Confira os principais trechos a seguir:
Como o sr. avalia a condenação do
ex-presidente Jair Bolsonaro e também de oficiais-generais pelo Supremo
Tribunal Federal?
É óbvio que houve uma tentativa de golpe de
Estado. Portanto, a pena é prisão, não há conversa. As pessoas dizem: “não, mas
não pode, cabe anistia”. Como é que cabe anistia? Um país tem uma Constituição.
A Constituição representa o Estado. Se as pessoas entram violentamente no
Palácio Presidencial, chegam a chutar a porta do gabinete do presidente... Se
isso não é golpe de Estado, não sei o que é golpe de Estado.

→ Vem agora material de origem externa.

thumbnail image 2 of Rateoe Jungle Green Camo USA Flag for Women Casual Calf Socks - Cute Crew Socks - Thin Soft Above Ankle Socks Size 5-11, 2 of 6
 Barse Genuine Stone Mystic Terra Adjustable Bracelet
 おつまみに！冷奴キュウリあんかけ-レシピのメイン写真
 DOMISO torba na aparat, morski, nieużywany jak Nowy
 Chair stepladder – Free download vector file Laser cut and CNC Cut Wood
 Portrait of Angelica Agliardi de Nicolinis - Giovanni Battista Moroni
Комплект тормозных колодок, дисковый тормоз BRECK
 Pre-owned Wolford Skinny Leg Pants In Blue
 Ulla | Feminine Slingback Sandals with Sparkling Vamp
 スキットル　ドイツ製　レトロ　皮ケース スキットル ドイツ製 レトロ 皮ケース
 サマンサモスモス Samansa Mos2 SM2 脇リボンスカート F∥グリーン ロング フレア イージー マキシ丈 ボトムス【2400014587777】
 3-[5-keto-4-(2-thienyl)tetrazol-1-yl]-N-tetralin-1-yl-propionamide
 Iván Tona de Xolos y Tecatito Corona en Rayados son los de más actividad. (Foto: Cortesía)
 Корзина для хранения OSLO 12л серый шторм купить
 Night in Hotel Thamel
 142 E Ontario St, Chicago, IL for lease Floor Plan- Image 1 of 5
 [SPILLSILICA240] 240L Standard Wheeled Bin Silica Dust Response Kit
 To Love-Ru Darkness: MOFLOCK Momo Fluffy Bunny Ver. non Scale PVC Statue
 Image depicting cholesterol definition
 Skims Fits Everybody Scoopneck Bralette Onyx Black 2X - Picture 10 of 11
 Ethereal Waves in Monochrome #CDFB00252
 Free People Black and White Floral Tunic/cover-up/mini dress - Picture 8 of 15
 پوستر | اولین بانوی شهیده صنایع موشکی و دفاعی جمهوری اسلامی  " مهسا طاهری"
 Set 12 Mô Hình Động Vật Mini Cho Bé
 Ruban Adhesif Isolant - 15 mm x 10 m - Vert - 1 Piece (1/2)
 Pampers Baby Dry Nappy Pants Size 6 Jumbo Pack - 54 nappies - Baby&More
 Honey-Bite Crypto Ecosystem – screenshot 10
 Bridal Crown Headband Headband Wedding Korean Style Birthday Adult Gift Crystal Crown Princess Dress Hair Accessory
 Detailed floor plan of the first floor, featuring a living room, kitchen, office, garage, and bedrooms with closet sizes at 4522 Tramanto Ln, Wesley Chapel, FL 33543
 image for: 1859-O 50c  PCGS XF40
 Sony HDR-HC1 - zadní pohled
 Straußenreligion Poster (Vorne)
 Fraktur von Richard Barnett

O que muda no Brasil após esse julgamento?
É um divisor de águas. É um marco novo. Creio
que não haverá outra situação como essa de militares cometerem um crime
evidente, uma tentativa de golpe violento. No dia 8 (de janeiro) não houve um
passeio na Esplanada dos Ministérios, houve um quebra-quebra. Entraram no
Palácio, chutaram portas e quebraram obras de arte, inclusive. Se isso ocorrer
outra vez, eles serão novamente presos, julgados e provavelmente condenados.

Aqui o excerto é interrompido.